## The task
Pictures must not appear in the copy. Restate exactly the lines below from the one with "this 450×320 image." through the one with "this 1270×952 image.", inclusive.

## Dataset excerpts
::::::::::

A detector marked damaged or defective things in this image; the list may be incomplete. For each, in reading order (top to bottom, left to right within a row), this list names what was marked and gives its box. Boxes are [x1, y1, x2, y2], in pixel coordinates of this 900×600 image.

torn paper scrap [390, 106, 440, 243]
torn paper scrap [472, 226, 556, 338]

::::::::::

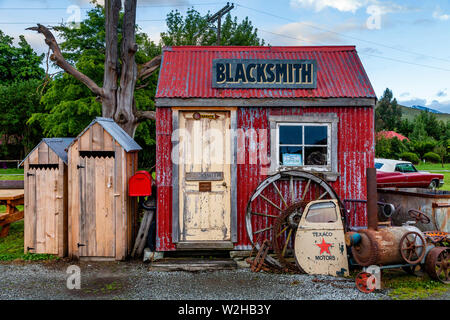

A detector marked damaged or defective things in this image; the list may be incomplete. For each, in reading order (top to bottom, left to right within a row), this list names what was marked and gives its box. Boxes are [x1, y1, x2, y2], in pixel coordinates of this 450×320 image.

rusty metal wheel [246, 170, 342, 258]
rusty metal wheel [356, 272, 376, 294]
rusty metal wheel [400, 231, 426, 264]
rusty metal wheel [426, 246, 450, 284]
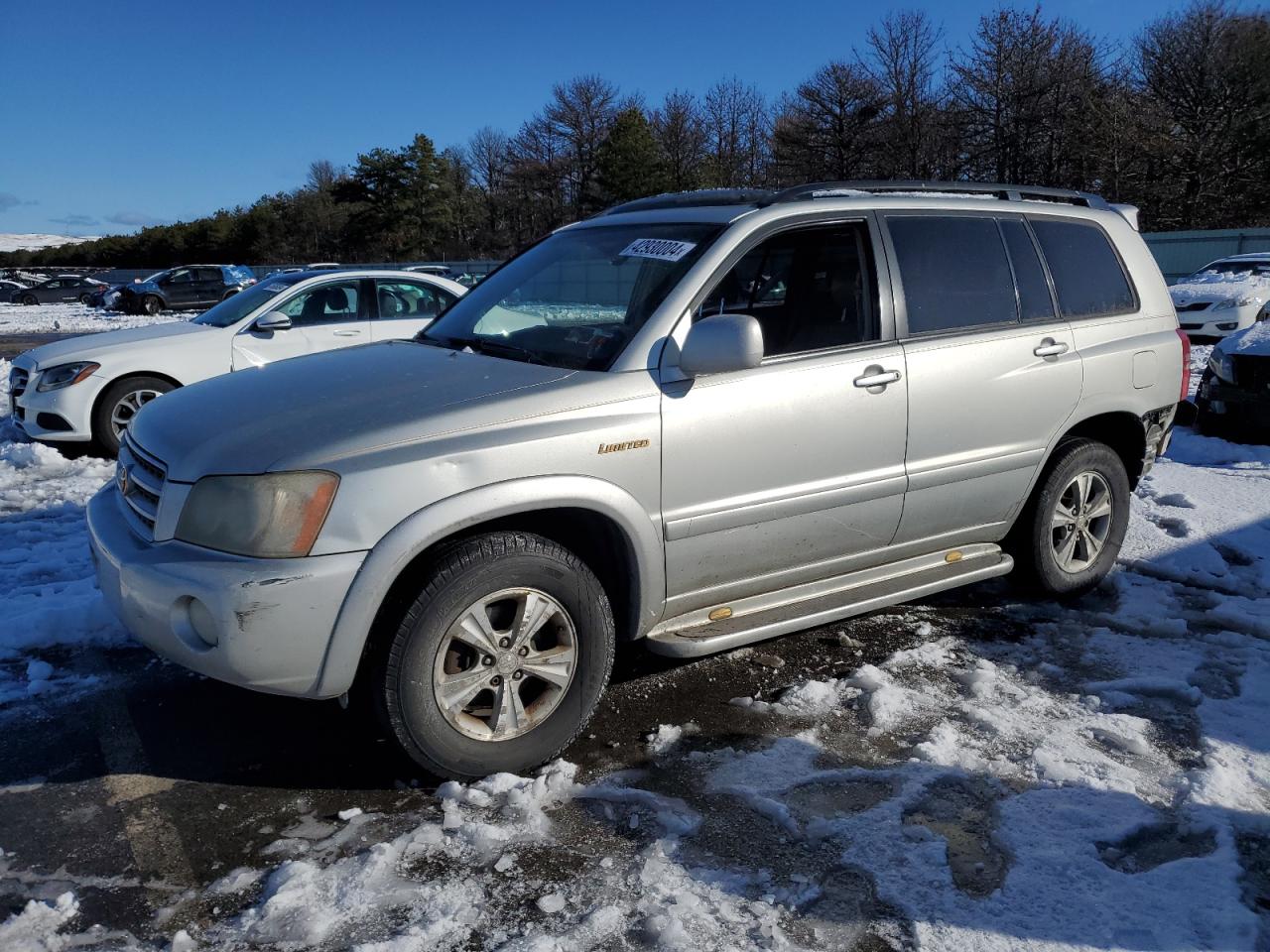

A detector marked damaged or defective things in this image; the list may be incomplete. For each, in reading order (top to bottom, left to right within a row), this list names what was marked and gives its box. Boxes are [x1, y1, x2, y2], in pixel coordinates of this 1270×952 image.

::::::::::

## Response below
A detector marked damaged or defective things in this image; the list may be incomplete. For each, in reading order (top to bottom, left to right within a row), this list names what was marked and gives its box. Boxes are [x1, y1, x2, y2], in pixel coordinates of this 450×320 image.

rusty metal wheel [246, 170, 342, 258]
rusty metal wheel [356, 272, 376, 294]
rusty metal wheel [400, 231, 426, 264]
rusty metal wheel [426, 246, 450, 284]

A detector marked damaged or defective things in this image; the list may be incomplete. For each, in reading order (top to bottom, left to right within a row), this list names what was marked and gives its box. Boxes are [x1, y1, x2, y2], in pixel coordinates of this 1270×952 image.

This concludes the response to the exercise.